Most internal combustion engines embody an ignition timing mechanism for timing the ignition so as to achieve maximum torque throughout the engine load range. This is achieved commonly through the use of a throttle operated advance mechanism so that the spark advance is controlled in relation to throttle opening. For example, in outboard engines a timing plate carries the timing mechanism and is rotatably supported relative to the crankshaft for altering engine timing in response to throttle valve opening. The most commonly employed throttle timing advance curve has a fixed static advance that is maintain up until a predetermined throttle opening. Once this throttle opening is reached, the timing is advanced until a maximum timing advance is achieved and this is maintained until wide-open throttle. Under partial load running with the throttle less than fully opened, there is a relatively low combustion temperature and flame propagation in the chamber and the advance spark timing provided by conventional timing mechanism is desirable to achieve maximum torque. However, it has been discovered that under wide-open throttle conditions and maximum speed that there is sufficient flame propagation that performance and fuel economy are actually deteriorated by the maximum spark advance provided by conventional mechanisms.
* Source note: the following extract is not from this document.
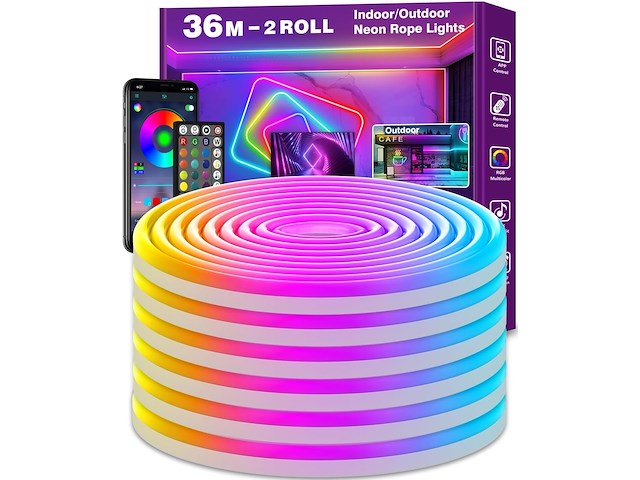 Led-neonlichtsnoer, 36 m - afbeelding 1 van  3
It is, therefore, a principal object of this invention to provide an improved spark timing mechanism for an internal combustion engine.
It is a further object of this invention to provide a structure and method for controlling spark timing that permits maximum torque to be achieved throughout the engin speed and load ranges.
It is a further object of this invention to provide an improved, simplified spark timing mechanism that will achieve the desired spark timing consistent with engine requirements.